Now your task becomes how to earn that rEHR or lower it. If you are in a two-income household and responsible for half of the total operating costs of the household, you calculate your expenses by adding 100% of your business expenses (e.g., cost of software and computers) to your 50% of mutual household expenses (e.g., groceries).
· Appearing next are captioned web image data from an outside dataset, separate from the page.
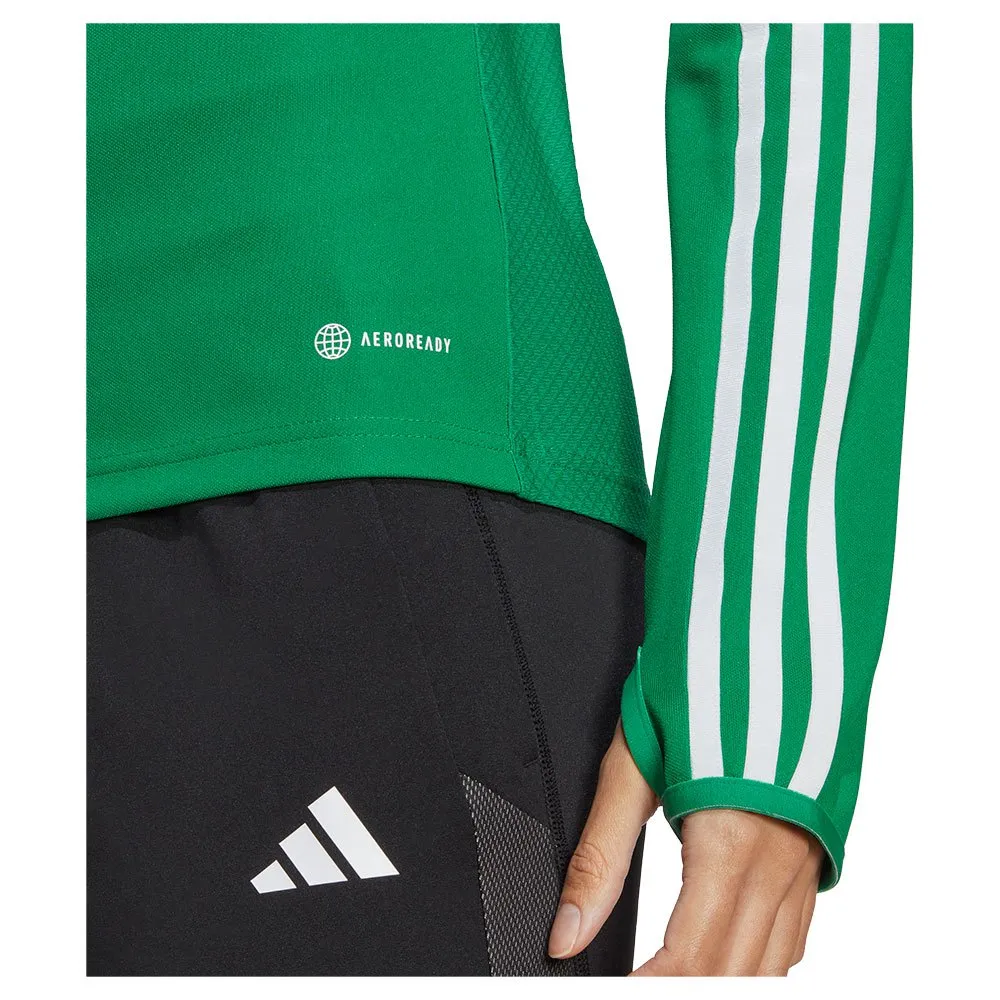adidas Tiro23L Tr jacke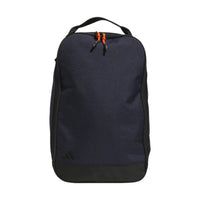 Custom Logo Adidas Golf Shoe Bag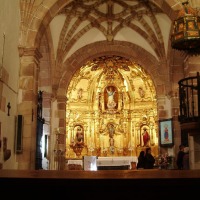 Foto de Carmona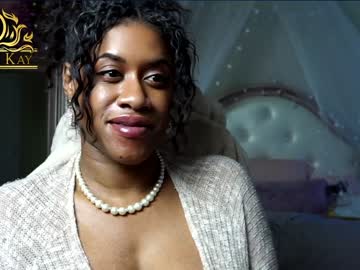 girl
        jasminekay cam image #1350174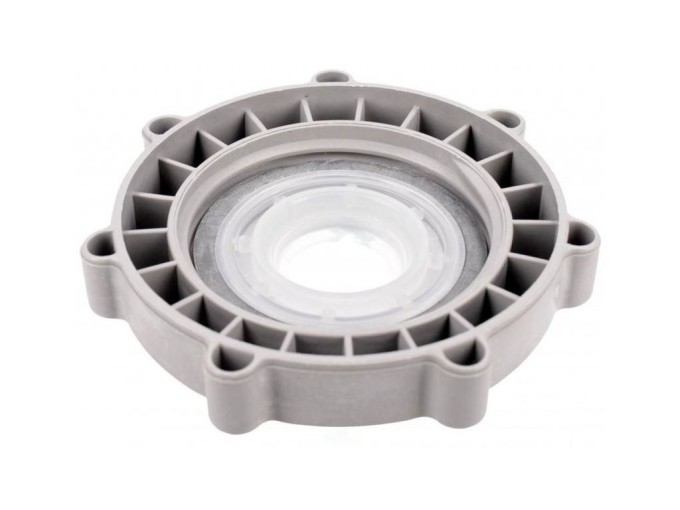 Víčko soli myčky BOSCH / SIEMENS 00165259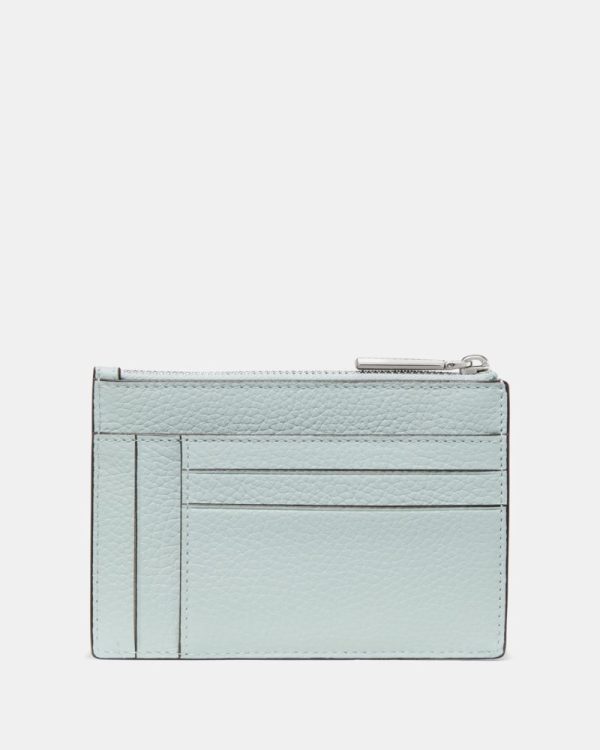 Kate Spade Outlet Large Slim Card Holder - Preorder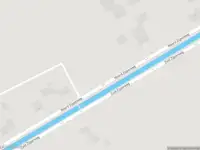 Overlastmelding Noord Zijperweg in Wieringerwaard gesloten
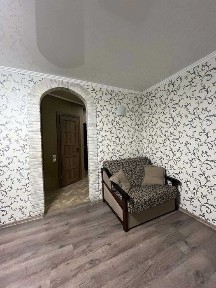 Продаж 3-кімнатної квартири 56 м², Мала Гончарівська вул., 1/24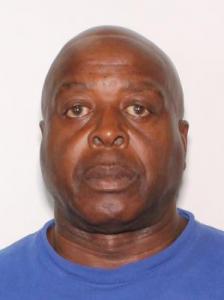 Raymond Stubbs a registered Sexual Offender or Predator of Florida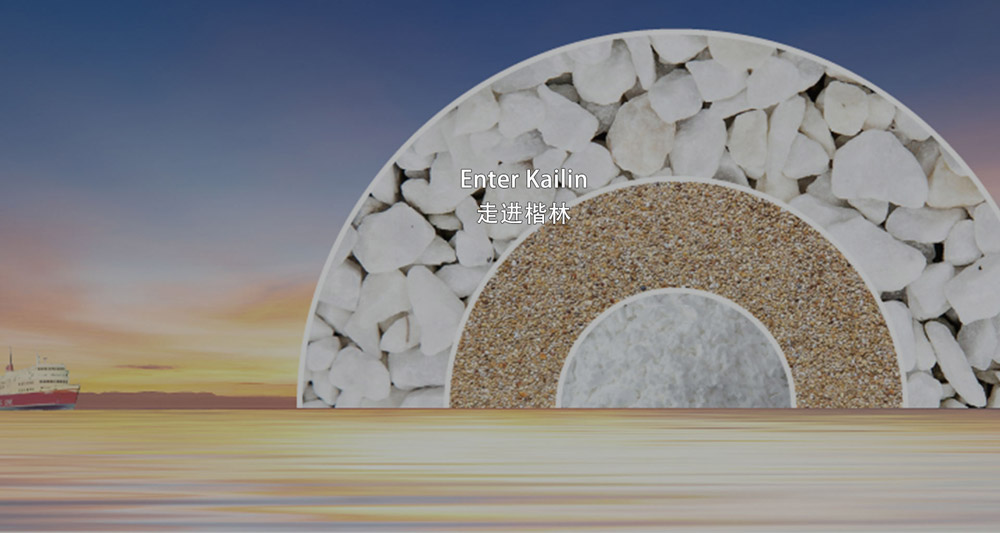 關於香蕉A片下载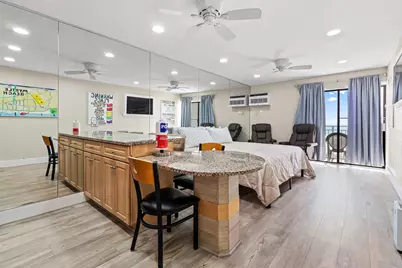 1207 S Ocean Blvd. #20202, Myrtle Beach, SC 29577 - Photo 4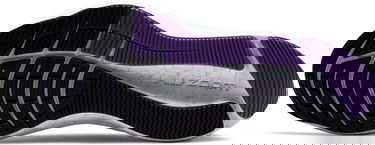 Кецове и обувки Nike Air Zoom Winflo 8 Бяло | cw3419-101, 1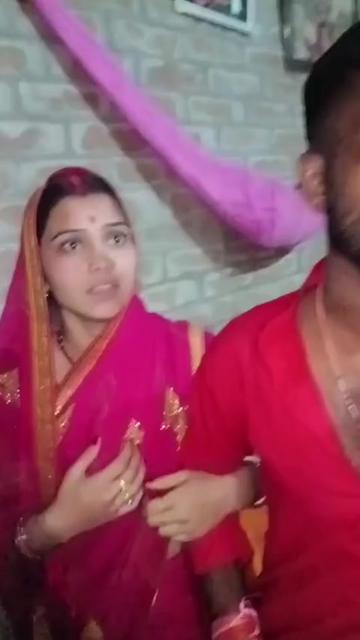 @Ashok kr Yadav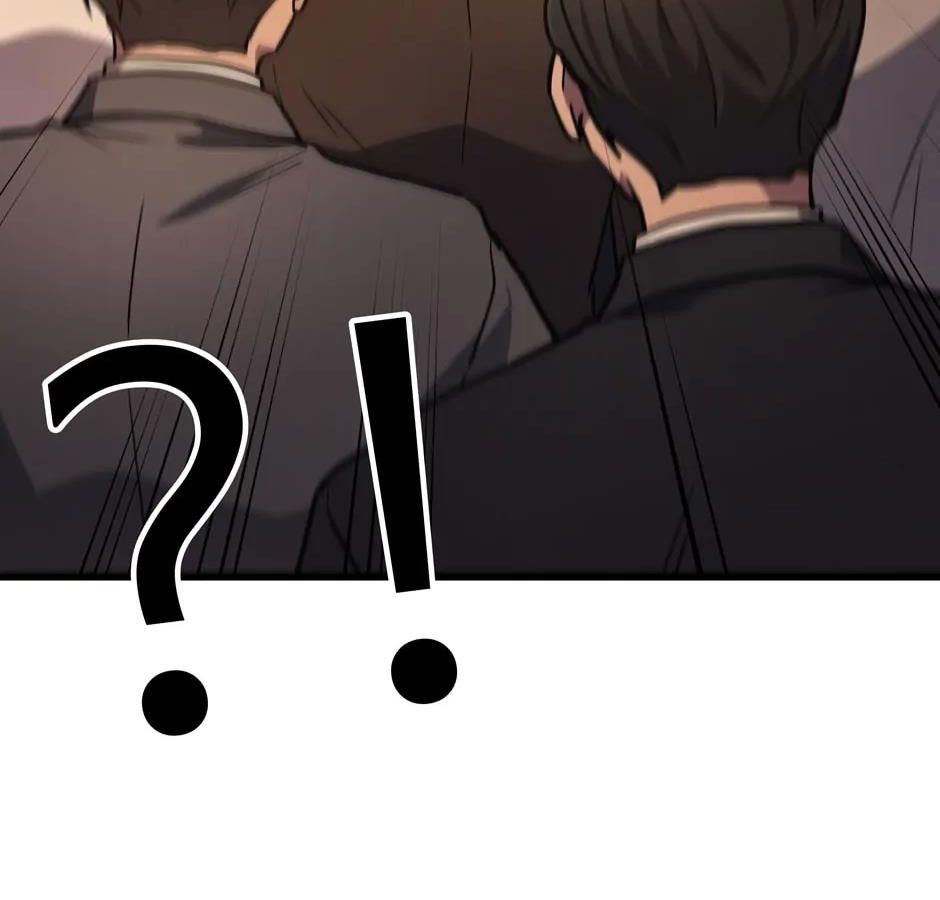 Võ Thần Hồi Quy Cấp 2 - Chapter 37 - Page 71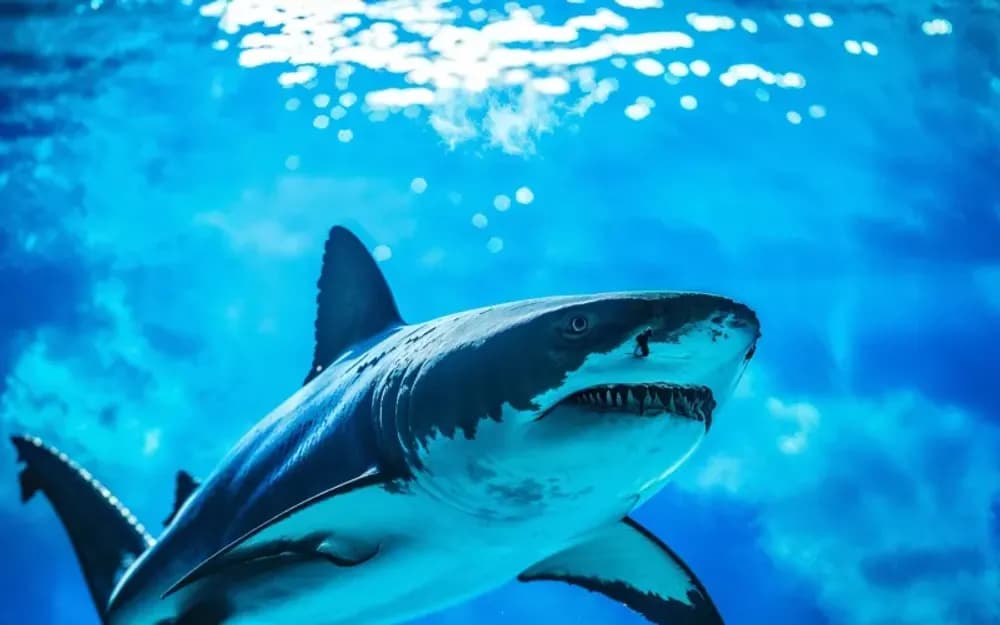 Paris Aquarium Tickets
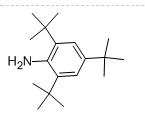 2,4,6-三叔丁基苯胺CAS:961-38-6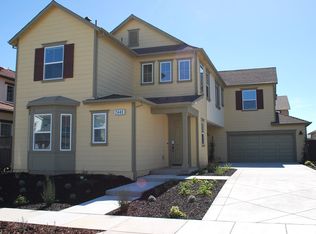 2440 Rio Grande Dr, Tracy, CA 95377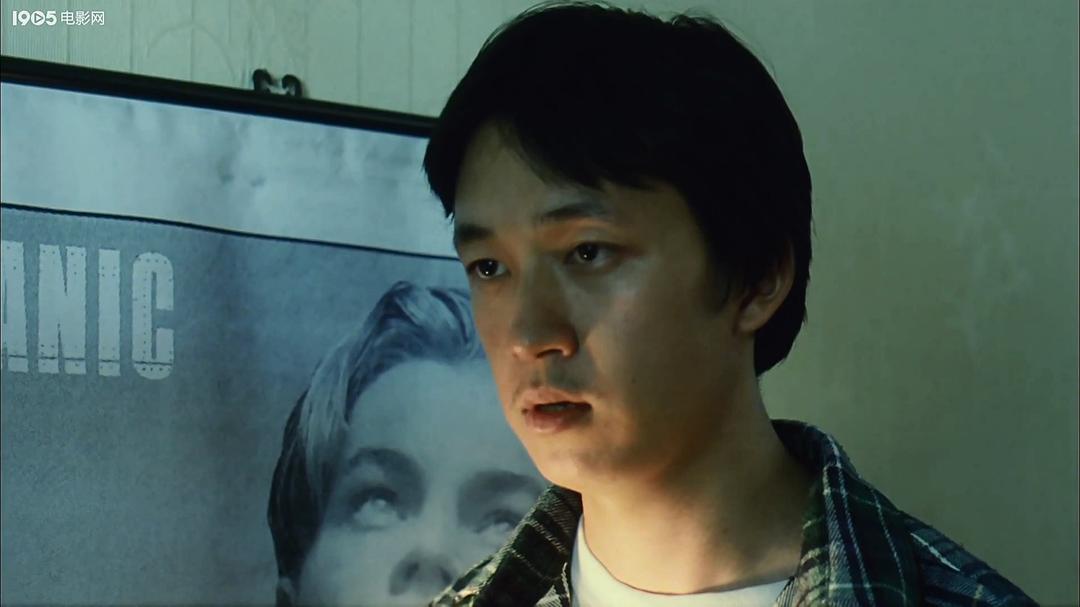 电影《非常夏日》（2000中国大陆）--高清4K/1080P迅雷BT资源下载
The per-page rate or the project rate (essentially a per-page rate) is a separate calculation. If you can edit 5 pages an hour and your rEHR is $30, then your minimum per-page rate is $6 ($6 x 5 pph = $30 or $30 rEHR/5 pph = $6 pp) and if the manuscript is 1,000 pages, the project fee is 1,000 msp x $6 pp = $6,000 project fee. If the client is offering $3 pp and you have a rEHR of $30, then you need to figure out how to edit at an average minimum rate of 10 pph.

If you are editing a project at an average speed of 15 pph and are being paid $3 pp, then you have an EHR of $45 (15 pph x $3 pp = $45 EHR). If your rEHR is $30, you are effectively earning a $15 per hour profit; if your rEHR is $60, you are effectively losing $15 per hour.